* **DATA RECORDS**
^^^^^^^^^^^^^^^^

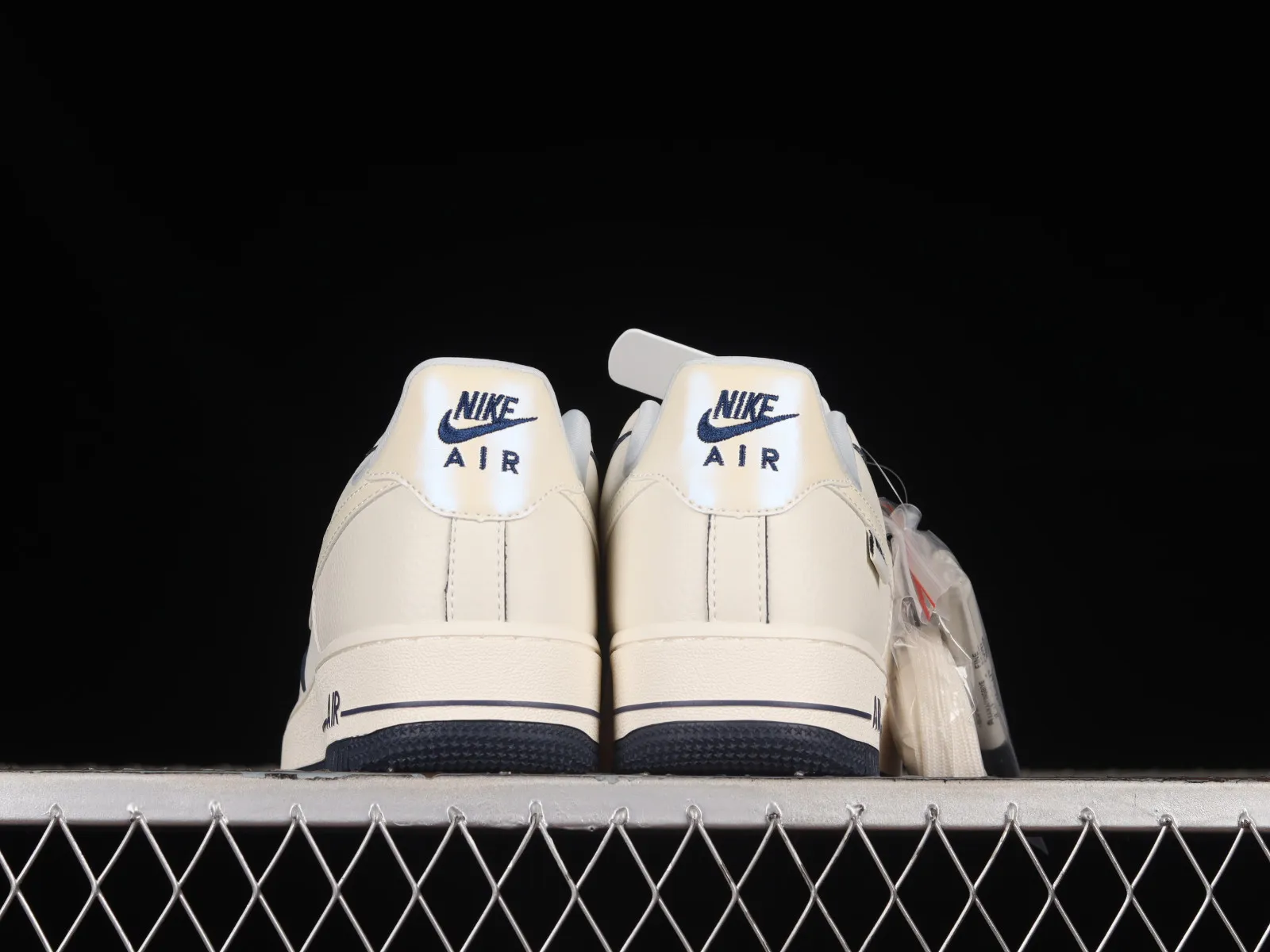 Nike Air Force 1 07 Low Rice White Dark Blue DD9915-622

^^^^^^^^^^^^^^^^

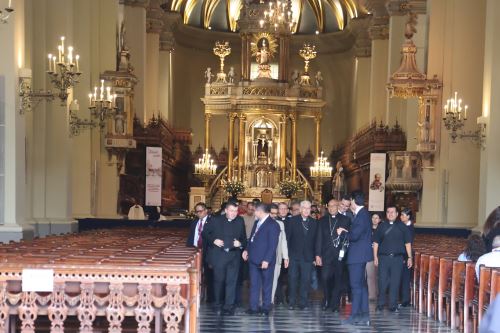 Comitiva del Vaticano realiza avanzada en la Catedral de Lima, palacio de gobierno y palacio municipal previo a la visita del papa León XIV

^^^^^^^^^^^^^^^^

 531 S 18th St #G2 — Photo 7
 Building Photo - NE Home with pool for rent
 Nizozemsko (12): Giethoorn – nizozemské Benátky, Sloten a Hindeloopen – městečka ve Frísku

^^^^^^^^^^^^^^^^

* **REQUIRED WORK**
Working from the material above, retype exactly the lines from the one with "531 S 18th St #G2 — Photo 7" through the one with "Nizozemsko (12): Giethoorn", both included, and only those lines.

* **RESULT OF THIS TASK**
 531 S 18th St #G2 — Photo 7
 Building Photo - NE Home with pool for rent
 Nizozemsko (12): Giethoorn – nizozemské Benátky, Sloten a Hindeloopen – městečka ve Frísku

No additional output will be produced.